Records drawn from a dataset:
========================================================================
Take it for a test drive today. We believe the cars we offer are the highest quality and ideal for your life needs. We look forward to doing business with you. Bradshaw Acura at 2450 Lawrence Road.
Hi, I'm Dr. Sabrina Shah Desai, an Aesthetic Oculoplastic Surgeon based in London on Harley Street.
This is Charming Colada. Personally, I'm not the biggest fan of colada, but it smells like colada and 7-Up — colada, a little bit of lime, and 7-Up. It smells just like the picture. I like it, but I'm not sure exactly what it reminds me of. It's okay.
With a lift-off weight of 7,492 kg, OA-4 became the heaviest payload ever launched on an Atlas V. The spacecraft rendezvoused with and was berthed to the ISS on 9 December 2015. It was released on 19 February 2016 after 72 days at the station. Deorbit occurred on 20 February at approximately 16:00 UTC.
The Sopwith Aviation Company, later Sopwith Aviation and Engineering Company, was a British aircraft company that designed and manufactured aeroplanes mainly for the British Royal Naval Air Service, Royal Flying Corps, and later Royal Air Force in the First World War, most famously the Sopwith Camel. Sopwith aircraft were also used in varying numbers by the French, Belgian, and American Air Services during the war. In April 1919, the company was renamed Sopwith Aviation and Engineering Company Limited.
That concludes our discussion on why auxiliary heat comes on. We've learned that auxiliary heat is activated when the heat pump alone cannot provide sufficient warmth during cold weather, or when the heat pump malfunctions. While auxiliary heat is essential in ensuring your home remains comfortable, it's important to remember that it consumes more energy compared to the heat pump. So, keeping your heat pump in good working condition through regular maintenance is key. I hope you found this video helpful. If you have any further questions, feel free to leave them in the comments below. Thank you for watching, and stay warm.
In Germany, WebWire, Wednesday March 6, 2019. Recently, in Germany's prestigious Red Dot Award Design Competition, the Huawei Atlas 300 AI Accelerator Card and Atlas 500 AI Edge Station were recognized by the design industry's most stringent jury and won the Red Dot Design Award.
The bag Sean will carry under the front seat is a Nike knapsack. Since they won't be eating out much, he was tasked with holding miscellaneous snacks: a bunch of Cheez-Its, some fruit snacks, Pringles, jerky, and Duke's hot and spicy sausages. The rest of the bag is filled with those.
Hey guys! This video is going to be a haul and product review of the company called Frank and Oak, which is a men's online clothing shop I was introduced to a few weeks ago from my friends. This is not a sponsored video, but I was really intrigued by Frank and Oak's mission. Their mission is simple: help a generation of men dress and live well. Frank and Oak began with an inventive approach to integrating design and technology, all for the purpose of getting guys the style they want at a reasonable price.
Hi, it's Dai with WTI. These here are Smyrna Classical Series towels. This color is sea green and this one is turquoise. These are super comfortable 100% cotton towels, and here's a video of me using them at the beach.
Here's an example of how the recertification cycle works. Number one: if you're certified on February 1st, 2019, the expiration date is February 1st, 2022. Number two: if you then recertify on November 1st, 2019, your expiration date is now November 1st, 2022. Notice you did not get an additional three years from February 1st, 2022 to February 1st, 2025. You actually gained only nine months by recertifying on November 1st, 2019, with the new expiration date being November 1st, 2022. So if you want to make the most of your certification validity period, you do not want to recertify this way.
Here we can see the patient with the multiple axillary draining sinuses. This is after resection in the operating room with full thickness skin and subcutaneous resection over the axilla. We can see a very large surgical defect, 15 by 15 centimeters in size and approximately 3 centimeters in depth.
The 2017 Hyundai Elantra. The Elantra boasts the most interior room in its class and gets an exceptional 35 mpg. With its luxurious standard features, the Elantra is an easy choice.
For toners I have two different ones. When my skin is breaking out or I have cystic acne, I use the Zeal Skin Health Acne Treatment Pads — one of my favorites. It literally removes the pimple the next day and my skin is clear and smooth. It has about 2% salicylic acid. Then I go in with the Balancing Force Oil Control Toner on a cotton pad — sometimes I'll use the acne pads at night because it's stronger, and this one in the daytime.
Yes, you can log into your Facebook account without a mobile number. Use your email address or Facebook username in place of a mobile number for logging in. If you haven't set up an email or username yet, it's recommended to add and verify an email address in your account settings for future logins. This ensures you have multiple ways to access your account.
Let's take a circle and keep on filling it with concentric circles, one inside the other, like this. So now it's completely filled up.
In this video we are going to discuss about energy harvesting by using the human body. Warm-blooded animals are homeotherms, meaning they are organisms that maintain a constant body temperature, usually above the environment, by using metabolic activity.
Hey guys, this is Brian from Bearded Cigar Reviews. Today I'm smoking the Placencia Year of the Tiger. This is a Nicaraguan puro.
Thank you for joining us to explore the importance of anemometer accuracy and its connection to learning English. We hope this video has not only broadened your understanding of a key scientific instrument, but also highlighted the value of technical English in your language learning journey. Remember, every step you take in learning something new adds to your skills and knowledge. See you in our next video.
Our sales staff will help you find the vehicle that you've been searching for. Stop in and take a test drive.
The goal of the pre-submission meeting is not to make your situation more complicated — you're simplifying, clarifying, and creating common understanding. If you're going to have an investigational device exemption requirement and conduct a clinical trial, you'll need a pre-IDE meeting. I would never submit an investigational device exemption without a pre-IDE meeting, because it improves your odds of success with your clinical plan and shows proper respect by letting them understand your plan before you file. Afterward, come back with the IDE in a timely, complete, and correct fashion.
========================================================================
TASK DESCRIPTION: Your answer must be a single number: the count of lines in the data that contain the string "drive".

WORKED SOLUTION: 2